Est modus in rebus. C’è una misura che non bisogna superare, anche in questa crisi. Il sostegno e la solidarietà devono tenere conto della distruzione a cui stiamo serenamente condannando un intero paese. I danni materiali, i traumi e le morti che sta subendo l’Ucraina sono reali e inaccettabili. Ho paura invece che i grandi centri di interesse che promuovono la guerra a oltranza abbiano anche questo, tra i propri obiettivi: la devastazione dell’Ucraina. O pensiamo che in questi mesi tra Leopoli e Kyiv siano mancate le visite più o meno formali di inviati di grandi aziende, di fondi di investimento e di governi ad essi legati per contrattare sulla ricostruzione? Con condizioni capestro, chiaramente.
Questa guerra fa gola a tanti, non solo ai signori della guerra (produttori e commercianti di armi). Il rischio perciò è che la popolazione ucraina stia lottando per sottrarsi a un imperialismo e finirà per cadere nelle fauci di un mostro divoratore di mondi come il capitalismo estrattivista e le sue demenziali regole finanziarie. Sempre che i grandi della Terra non trovino un accordo reciprocamente conveniente e non abbandonino il paese alla sua sorte. Chi può escluderlo?
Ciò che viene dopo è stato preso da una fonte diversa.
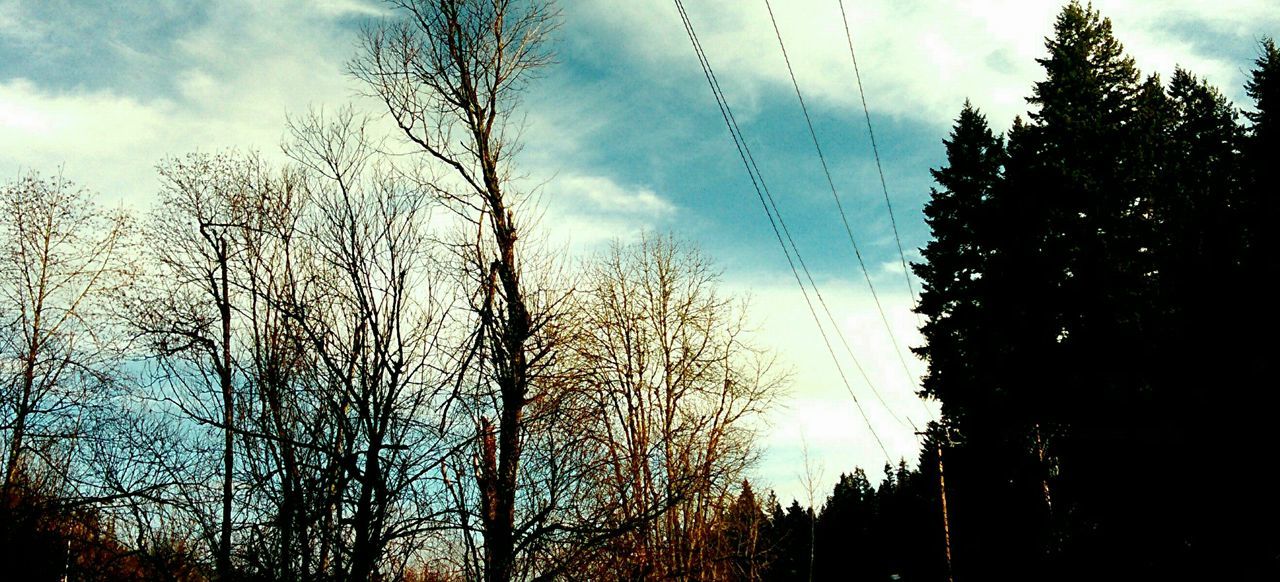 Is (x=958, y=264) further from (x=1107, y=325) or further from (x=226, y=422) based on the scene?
(x=226, y=422)

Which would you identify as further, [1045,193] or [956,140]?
[956,140]

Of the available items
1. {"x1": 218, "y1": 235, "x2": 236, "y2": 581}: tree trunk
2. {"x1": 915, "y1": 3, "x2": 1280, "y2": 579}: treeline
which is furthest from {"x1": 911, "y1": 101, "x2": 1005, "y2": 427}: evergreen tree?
{"x1": 218, "y1": 235, "x2": 236, "y2": 581}: tree trunk

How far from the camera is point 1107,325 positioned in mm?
24359

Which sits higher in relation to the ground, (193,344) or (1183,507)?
(193,344)

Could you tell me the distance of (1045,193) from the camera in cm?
2706

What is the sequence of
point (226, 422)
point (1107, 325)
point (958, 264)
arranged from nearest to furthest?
point (226, 422) → point (1107, 325) → point (958, 264)

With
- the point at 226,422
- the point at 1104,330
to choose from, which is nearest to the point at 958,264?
the point at 1104,330

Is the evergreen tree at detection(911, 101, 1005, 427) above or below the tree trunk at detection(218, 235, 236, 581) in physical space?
above

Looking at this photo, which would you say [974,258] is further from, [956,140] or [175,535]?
[175,535]

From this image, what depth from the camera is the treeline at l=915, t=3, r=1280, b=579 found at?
1894 centimetres

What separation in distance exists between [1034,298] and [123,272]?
932 inches

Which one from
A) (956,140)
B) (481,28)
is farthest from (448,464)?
(956,140)

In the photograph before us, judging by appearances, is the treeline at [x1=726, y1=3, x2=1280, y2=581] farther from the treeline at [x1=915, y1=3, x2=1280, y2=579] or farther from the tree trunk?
the tree trunk

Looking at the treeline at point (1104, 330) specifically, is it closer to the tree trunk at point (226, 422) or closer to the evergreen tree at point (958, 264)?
the evergreen tree at point (958, 264) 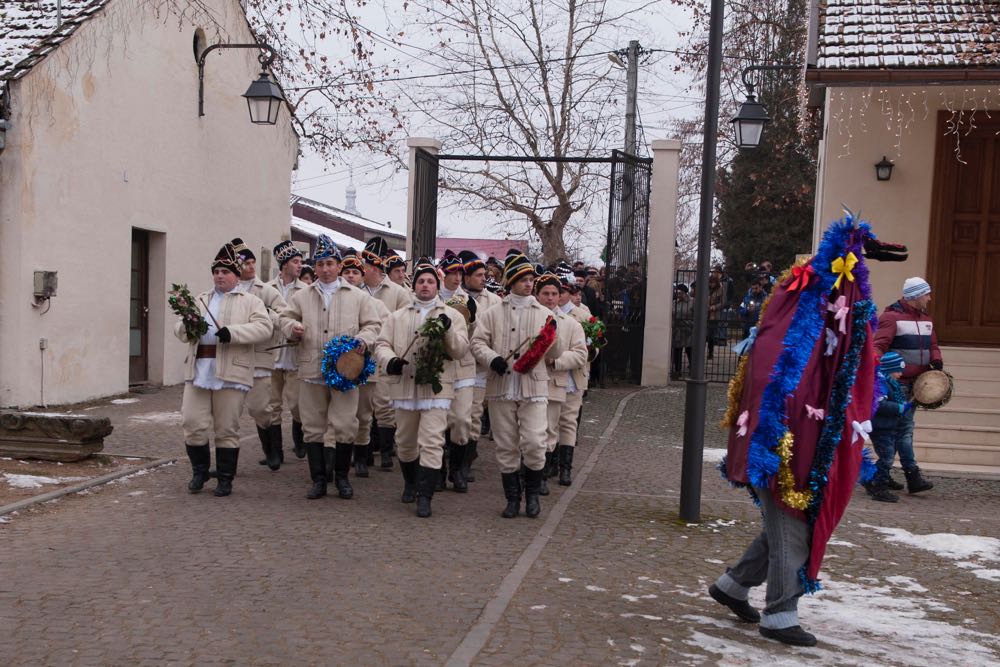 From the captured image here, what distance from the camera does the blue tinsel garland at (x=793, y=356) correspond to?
499 centimetres

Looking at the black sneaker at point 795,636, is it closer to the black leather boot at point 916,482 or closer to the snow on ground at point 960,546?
the snow on ground at point 960,546

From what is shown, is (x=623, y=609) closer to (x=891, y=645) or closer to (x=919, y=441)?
(x=891, y=645)

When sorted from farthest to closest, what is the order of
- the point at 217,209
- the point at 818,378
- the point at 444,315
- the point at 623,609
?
1. the point at 217,209
2. the point at 444,315
3. the point at 623,609
4. the point at 818,378

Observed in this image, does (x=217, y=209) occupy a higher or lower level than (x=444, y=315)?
higher

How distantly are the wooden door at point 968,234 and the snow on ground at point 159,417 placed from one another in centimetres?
952

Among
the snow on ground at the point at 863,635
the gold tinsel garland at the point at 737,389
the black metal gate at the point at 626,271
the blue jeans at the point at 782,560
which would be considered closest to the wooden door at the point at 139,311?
the black metal gate at the point at 626,271

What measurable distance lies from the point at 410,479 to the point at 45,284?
22.8 ft

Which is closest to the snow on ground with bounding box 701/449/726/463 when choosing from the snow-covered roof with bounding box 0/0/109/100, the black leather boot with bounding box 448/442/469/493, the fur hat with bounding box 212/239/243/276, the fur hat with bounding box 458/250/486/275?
the black leather boot with bounding box 448/442/469/493

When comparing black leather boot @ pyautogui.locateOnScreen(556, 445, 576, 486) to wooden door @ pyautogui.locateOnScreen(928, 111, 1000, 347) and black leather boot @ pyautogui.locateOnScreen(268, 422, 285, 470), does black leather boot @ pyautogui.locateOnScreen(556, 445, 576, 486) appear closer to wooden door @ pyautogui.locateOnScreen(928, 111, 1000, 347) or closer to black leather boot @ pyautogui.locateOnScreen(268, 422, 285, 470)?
black leather boot @ pyautogui.locateOnScreen(268, 422, 285, 470)

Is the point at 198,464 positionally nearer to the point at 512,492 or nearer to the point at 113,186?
the point at 512,492

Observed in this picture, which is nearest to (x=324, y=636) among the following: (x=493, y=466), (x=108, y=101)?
(x=493, y=466)

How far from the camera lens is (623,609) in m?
5.60

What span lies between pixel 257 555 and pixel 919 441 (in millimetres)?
7901

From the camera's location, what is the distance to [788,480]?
16.4 ft
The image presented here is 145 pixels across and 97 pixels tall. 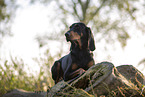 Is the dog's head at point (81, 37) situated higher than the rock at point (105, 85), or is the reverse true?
the dog's head at point (81, 37)

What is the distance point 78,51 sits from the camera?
4.22 m

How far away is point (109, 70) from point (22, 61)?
4.77 metres

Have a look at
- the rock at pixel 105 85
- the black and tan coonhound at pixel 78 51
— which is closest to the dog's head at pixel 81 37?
the black and tan coonhound at pixel 78 51

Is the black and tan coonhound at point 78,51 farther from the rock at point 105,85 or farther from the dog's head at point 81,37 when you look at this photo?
the rock at point 105,85

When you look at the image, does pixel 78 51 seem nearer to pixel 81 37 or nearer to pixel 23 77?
pixel 81 37

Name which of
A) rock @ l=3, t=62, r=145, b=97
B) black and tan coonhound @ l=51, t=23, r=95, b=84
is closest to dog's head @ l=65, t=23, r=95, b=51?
black and tan coonhound @ l=51, t=23, r=95, b=84

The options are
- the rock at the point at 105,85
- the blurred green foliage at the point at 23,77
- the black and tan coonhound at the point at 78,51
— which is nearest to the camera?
the rock at the point at 105,85

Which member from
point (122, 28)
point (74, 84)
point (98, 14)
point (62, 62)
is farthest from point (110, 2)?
point (74, 84)

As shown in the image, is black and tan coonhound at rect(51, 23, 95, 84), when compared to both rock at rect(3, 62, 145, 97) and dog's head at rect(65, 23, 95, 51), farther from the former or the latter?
rock at rect(3, 62, 145, 97)

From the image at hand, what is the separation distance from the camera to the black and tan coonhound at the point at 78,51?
4.07 m

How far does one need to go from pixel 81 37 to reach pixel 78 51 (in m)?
0.32

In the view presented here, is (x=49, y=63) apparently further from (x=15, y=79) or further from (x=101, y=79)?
(x=101, y=79)

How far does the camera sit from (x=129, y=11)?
43.0 feet

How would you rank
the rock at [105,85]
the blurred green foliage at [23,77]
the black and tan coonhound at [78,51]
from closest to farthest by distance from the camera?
1. the rock at [105,85]
2. the black and tan coonhound at [78,51]
3. the blurred green foliage at [23,77] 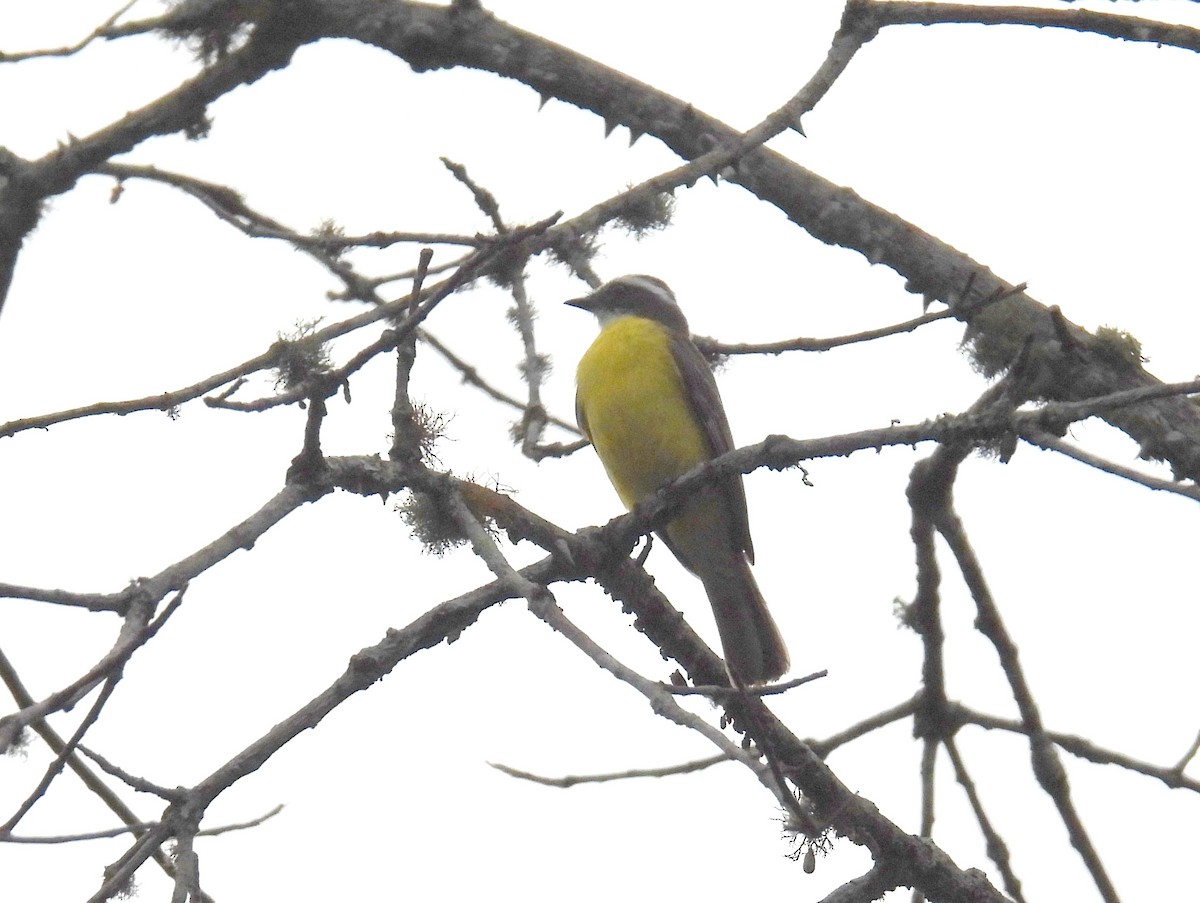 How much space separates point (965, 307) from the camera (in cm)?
416

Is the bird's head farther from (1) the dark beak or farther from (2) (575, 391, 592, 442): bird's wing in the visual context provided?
(2) (575, 391, 592, 442): bird's wing

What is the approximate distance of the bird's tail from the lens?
641cm

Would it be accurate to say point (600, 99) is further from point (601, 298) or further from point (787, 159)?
point (601, 298)

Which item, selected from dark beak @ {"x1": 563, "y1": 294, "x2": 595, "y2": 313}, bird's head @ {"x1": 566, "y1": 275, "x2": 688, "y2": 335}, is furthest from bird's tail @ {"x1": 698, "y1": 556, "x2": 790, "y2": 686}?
dark beak @ {"x1": 563, "y1": 294, "x2": 595, "y2": 313}

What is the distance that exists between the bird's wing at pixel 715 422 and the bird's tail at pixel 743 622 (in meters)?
0.13

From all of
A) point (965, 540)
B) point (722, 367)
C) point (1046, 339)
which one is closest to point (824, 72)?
point (1046, 339)

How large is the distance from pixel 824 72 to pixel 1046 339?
52.0 inches

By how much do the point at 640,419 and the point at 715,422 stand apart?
38 centimetres

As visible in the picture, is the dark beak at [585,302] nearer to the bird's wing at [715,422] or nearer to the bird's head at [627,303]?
the bird's head at [627,303]

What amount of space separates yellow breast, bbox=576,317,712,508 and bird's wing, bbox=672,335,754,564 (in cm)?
3

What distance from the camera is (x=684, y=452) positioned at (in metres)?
6.46

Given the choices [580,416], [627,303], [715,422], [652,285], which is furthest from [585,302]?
[715,422]

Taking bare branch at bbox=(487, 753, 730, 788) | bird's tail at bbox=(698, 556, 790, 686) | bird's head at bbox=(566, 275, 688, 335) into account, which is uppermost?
bird's head at bbox=(566, 275, 688, 335)

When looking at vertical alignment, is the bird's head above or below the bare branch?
above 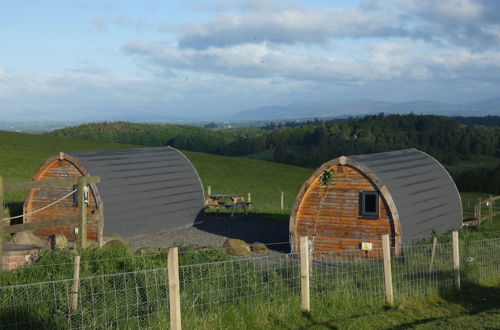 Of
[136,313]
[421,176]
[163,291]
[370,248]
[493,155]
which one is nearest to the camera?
[136,313]

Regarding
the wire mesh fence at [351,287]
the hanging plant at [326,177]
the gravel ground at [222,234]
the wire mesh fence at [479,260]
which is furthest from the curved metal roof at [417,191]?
the wire mesh fence at [351,287]

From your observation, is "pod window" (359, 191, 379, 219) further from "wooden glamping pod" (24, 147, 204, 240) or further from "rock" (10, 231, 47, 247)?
"rock" (10, 231, 47, 247)

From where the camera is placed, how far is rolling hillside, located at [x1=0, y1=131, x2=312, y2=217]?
155ft

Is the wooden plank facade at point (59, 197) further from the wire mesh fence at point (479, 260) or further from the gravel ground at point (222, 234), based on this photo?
the wire mesh fence at point (479, 260)

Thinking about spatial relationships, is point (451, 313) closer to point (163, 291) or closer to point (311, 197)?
point (163, 291)

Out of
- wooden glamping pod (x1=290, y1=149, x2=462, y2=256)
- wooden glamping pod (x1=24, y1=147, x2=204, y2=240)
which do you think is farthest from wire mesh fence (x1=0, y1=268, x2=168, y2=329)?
wooden glamping pod (x1=24, y1=147, x2=204, y2=240)

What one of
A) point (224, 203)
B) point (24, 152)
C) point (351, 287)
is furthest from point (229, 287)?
point (24, 152)

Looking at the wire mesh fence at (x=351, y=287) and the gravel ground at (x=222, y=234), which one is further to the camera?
the gravel ground at (x=222, y=234)

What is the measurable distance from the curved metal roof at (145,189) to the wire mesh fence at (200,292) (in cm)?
1132

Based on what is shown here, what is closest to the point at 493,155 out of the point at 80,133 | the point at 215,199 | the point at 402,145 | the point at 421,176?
the point at 402,145

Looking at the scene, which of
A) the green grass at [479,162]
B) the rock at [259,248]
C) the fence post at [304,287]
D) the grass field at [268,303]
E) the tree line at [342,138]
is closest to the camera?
the grass field at [268,303]

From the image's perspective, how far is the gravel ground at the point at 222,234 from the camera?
25.5 metres

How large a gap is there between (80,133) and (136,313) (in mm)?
131388

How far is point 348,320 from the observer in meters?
12.2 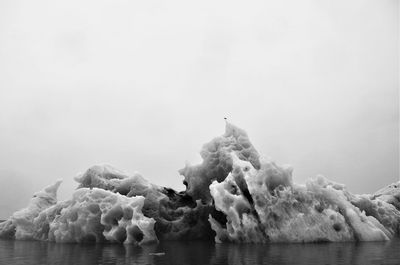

C’è qualcosa di radicalmente sbagliato nel modo in cui è stata trattata fin da subito questa faccenda dalla politica e dai mass media. Così come c’è stato qualcosa di sbagliato nel modo in cui è stata trattata la pandemia e in quello in cui viene trattata comunemente la crisi ambientale.
È difficile mantenere una posizione politicamente ed eticamente lucida, rigorosa, giusta, in questo scenario devastato dalla montante crisi ecologica e sociale e dalla violenza crescente a tutte le latitudini e longitudini. Eppure bisogna provarci. Acuminare gli strumenti critici, rendere il nostro sguardo più limpido è una necessità politica primaria. È difficile, perché bisogna astrarsi dall’inquinamento informativo, ma non possiamo rinunciarvi. Anche dal nostro osservatorio sardo. Soprattutto dal nostro osservatorio sardo, direi.